• [Task] Where the data below shows a picture, leave that picture out and copy the rest exactly.

___ Information shown ___

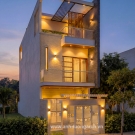 Nhà anh Tuấn - mẫu nhà lệch tầng điển hình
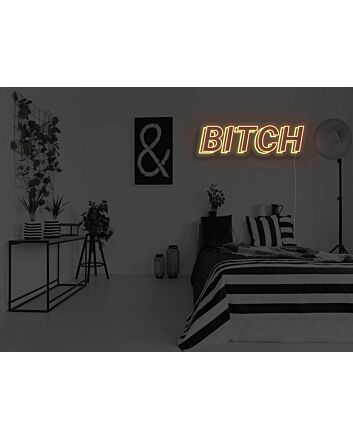 Btch Neon Sign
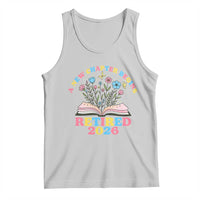 Women Retirement Life Tank Top Retired 2026 A New Chapter Begins Floral Book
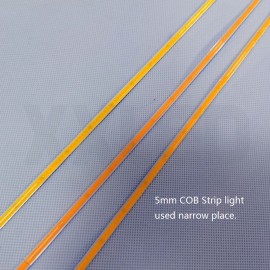 400 LEDs per meter Wide 5mm COB LED Strip Light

___

• [Result]
 Nhà anh Tuấn - mẫu nhà lệch tầng điển hình
 Btch Neon Sign
 Women Retirement Life Tank Top Retired 2026 A New Chapter Begins Floral Book
 400 LEDs per meter Wide 5mm COB LED Strip Light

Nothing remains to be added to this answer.